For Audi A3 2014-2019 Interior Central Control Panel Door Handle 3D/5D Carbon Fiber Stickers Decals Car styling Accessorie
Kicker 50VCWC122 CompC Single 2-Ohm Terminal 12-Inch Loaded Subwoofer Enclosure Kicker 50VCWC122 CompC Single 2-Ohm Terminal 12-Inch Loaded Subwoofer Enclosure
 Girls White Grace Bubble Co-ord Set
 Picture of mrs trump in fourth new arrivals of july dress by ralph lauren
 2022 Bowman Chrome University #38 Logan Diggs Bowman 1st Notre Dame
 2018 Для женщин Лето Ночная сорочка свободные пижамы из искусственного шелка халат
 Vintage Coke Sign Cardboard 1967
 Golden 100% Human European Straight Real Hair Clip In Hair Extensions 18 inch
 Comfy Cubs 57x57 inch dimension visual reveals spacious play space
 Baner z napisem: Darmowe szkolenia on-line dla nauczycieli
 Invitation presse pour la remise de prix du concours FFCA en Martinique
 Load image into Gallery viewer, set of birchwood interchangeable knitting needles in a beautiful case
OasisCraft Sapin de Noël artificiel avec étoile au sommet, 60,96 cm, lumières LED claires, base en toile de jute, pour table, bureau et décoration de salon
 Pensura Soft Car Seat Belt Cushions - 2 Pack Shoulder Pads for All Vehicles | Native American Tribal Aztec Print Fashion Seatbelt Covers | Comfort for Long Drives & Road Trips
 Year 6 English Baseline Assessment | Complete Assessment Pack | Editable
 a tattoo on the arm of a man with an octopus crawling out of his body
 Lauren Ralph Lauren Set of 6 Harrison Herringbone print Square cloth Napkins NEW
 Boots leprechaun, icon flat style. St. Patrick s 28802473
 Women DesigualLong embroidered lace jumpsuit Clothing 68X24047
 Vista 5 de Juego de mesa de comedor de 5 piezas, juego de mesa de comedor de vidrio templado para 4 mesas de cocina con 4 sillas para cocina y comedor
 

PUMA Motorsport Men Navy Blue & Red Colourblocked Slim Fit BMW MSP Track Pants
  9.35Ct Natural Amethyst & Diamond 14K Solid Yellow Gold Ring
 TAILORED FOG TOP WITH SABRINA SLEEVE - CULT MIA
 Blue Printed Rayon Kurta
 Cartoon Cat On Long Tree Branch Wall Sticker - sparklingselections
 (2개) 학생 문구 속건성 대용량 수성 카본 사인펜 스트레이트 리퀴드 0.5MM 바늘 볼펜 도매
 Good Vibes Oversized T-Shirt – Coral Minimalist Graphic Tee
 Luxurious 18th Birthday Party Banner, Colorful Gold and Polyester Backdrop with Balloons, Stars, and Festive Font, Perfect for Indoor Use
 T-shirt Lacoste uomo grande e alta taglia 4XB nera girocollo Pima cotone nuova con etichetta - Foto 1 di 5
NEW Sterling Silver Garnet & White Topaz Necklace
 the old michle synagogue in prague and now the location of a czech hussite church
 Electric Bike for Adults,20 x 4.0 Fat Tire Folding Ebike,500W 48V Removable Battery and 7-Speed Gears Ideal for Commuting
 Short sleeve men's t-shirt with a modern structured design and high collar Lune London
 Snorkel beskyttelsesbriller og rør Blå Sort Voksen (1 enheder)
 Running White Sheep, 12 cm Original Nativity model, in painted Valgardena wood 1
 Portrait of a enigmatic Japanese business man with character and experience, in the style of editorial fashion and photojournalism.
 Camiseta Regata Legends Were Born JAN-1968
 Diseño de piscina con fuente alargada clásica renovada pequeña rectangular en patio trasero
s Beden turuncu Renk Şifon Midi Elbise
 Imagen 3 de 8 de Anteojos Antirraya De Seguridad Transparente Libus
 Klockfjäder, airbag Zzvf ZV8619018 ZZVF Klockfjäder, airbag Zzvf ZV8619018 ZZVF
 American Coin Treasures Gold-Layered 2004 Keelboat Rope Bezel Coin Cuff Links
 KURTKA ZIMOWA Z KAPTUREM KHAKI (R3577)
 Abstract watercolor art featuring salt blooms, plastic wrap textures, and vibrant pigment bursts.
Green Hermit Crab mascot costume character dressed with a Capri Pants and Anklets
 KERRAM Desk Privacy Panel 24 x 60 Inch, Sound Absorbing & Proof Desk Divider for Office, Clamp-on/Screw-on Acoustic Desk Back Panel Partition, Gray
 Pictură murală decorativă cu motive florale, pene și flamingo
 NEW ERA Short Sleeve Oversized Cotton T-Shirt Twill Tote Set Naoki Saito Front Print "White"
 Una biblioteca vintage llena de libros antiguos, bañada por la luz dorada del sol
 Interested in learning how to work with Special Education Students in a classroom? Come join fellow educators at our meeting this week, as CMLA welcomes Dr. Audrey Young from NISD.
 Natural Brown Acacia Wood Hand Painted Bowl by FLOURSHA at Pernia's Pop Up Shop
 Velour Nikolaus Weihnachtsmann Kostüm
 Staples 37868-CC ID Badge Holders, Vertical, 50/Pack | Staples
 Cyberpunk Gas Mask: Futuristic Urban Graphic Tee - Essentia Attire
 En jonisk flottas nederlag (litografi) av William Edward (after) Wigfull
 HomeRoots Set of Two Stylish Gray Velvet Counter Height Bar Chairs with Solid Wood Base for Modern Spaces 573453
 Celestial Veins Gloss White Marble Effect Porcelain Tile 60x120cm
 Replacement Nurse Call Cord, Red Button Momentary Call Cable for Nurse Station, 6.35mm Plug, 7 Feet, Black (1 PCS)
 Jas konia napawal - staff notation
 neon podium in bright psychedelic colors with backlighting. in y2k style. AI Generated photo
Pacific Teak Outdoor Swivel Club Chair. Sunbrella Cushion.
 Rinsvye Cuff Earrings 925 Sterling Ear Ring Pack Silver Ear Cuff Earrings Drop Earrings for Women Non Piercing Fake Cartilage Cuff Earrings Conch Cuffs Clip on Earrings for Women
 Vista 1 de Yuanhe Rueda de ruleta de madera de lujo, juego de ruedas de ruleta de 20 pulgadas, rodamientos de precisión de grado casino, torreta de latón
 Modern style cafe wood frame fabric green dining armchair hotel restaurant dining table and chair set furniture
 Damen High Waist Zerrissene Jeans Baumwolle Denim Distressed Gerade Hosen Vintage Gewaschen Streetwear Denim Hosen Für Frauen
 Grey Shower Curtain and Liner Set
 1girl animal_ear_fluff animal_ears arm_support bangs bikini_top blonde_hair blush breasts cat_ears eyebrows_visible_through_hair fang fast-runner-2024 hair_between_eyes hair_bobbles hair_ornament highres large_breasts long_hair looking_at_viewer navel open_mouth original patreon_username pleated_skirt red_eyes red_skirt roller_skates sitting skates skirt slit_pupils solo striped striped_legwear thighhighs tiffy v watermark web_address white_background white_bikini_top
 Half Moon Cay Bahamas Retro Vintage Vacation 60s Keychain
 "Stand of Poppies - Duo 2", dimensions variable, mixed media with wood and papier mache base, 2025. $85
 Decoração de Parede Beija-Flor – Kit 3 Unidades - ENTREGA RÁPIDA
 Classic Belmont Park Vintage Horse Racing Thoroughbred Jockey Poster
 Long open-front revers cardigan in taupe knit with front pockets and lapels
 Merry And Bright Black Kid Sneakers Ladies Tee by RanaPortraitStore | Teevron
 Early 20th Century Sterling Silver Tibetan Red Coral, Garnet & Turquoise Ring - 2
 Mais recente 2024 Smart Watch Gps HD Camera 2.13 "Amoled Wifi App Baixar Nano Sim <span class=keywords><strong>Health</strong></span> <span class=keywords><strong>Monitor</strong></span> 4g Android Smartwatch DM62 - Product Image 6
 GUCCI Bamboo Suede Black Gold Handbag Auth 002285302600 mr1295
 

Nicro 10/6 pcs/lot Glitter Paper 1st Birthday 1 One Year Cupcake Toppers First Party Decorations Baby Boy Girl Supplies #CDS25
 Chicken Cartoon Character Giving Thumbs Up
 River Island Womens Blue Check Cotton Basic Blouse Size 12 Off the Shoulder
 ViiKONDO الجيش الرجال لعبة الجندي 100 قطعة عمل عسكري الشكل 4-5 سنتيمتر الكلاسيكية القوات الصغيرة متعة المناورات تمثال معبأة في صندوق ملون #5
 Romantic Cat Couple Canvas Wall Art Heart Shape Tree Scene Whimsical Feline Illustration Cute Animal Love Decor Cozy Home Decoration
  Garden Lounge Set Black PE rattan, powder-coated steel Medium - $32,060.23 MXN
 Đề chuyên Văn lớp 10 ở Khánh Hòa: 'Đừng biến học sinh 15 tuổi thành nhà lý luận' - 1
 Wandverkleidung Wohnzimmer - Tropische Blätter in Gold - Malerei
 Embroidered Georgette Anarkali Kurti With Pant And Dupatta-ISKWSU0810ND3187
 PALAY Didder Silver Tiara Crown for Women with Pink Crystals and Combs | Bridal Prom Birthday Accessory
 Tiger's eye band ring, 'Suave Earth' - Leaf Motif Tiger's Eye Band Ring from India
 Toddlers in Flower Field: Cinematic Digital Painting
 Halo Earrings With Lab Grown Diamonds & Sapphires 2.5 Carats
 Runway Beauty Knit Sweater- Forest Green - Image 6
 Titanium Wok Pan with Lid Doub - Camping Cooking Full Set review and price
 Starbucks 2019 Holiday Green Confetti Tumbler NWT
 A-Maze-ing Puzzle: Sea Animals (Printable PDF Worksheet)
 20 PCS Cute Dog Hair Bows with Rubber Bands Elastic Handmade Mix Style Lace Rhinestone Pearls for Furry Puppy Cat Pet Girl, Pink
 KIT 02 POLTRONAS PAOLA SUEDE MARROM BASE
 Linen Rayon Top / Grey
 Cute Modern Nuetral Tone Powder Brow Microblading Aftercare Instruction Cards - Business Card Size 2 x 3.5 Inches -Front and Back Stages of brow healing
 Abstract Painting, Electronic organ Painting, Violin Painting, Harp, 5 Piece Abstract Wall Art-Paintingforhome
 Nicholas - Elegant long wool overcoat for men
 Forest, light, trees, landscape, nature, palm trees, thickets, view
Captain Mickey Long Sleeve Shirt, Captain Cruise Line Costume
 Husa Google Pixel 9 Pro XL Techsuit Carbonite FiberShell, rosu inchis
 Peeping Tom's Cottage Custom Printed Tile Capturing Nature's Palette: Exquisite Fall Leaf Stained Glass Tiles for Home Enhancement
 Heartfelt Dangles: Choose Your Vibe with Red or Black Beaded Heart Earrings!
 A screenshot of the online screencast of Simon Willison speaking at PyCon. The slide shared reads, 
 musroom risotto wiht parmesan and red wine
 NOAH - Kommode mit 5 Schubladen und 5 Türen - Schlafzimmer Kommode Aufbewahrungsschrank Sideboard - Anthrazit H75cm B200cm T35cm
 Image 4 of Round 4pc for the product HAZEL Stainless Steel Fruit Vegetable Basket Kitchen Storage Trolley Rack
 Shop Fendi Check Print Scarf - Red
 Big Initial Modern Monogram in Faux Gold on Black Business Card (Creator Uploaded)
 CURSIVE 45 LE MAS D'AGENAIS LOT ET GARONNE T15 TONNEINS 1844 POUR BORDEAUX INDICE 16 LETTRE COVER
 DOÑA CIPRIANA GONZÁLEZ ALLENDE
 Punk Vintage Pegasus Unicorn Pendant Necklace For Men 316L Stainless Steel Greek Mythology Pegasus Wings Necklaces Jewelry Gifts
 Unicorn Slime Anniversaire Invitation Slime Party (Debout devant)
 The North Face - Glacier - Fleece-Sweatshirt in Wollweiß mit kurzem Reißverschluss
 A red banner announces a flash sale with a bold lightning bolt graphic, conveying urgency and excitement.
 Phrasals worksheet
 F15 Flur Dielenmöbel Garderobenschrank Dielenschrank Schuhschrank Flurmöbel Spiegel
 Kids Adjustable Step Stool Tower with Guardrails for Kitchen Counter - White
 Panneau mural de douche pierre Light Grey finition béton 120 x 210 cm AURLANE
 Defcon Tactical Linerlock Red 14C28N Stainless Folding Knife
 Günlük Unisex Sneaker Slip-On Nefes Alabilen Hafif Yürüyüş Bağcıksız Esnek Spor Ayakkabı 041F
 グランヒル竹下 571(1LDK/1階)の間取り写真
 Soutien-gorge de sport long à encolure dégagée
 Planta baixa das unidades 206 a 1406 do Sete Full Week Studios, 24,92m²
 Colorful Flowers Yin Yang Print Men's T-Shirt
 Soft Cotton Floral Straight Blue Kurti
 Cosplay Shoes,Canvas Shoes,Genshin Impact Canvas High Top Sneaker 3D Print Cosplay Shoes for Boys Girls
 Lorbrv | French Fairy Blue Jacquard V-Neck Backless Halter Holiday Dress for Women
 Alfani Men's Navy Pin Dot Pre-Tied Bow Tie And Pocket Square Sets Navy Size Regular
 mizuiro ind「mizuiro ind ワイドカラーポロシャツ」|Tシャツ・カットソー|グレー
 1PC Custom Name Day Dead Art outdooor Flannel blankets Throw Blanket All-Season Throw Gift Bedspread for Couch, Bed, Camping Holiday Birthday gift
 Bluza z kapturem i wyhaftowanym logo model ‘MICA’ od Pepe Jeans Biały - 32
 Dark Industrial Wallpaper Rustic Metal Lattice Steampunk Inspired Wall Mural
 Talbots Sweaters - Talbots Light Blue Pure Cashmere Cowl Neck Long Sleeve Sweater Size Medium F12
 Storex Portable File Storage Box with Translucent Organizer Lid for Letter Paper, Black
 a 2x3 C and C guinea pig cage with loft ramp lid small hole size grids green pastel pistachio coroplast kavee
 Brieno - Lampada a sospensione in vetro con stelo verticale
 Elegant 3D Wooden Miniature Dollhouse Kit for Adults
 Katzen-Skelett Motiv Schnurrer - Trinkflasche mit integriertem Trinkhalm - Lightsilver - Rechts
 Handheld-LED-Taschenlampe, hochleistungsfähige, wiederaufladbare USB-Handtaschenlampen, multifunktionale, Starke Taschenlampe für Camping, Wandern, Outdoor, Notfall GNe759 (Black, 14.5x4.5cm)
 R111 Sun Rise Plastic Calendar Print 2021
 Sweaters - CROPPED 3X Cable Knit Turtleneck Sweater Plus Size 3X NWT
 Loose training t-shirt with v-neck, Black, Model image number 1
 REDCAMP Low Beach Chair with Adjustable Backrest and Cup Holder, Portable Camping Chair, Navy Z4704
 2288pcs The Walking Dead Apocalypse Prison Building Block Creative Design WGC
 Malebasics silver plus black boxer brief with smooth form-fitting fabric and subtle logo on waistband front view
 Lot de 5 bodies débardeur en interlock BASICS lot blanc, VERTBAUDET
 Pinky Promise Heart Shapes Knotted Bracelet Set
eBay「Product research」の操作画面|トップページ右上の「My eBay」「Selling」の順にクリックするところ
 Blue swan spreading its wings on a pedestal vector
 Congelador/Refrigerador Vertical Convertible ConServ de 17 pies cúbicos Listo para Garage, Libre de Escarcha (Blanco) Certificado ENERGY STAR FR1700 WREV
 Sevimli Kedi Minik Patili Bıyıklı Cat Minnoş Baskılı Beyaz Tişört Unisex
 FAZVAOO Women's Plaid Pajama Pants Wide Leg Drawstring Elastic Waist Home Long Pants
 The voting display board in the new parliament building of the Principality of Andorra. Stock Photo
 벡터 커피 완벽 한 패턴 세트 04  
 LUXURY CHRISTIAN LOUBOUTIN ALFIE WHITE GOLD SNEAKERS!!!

=======

*Description of the task*. Give again, word for word, the records from their first line to the one with "a tattoo on", and leave out all else.

*Final answer*.
For Audi A3 2014-2019 Interior Central Control Panel Door Handle 3D/5D Carbon Fiber Stickers Decals Car styling Accessorie
Kicker 50VCWC122 CompC Single 2-Ohm Terminal 12-Inch Loaded Subwoofer Enclosure Kicker 50VCWC122 CompC Single 2-Ohm Terminal 12-Inch Loaded Subwoofer Enclosure
 Girls White Grace Bubble Co-ord Set
 Picture of mrs trump in fourth new arrivals of july dress by ralph lauren
 2022 Bowman Chrome University #38 Logan Diggs Bowman 1st Notre Dame
 2018 Для женщин Лето Ночная сорочка свободные пижамы из искусственного шелка халат
 Vintage Coke Sign Cardboard 1967
 Golden 100% Human European Straight Real Hair Clip In Hair Extensions 18 inch
 Comfy Cubs 57x57 inch dimension visual reveals spacious play space
 Baner z napisem: Darmowe szkolenia on-line dla nauczycieli
 Invitation presse pour la remise de prix du concours FFCA en Martinique
 Load image into Gallery viewer, set of birchwood interchangeable knitting needles in a beautiful case
OasisCraft Sapin de Noël artificiel avec étoile au sommet, 60,96 cm, lumières LED claires, base en toile de jute, pour table, bureau et décoration de salon
 Pensura Soft Car Seat Belt Cushions - 2 Pack Shoulder Pads for All Vehicles | Native American Tribal Aztec Print Fashion Seatbelt Covers | Comfort for Long Drives & Road Trips
 Year 6 English Baseline Assessment | Complete Assessment Pack | Editable
 a tattoo on the arm of a man with an octopus crawling out of his body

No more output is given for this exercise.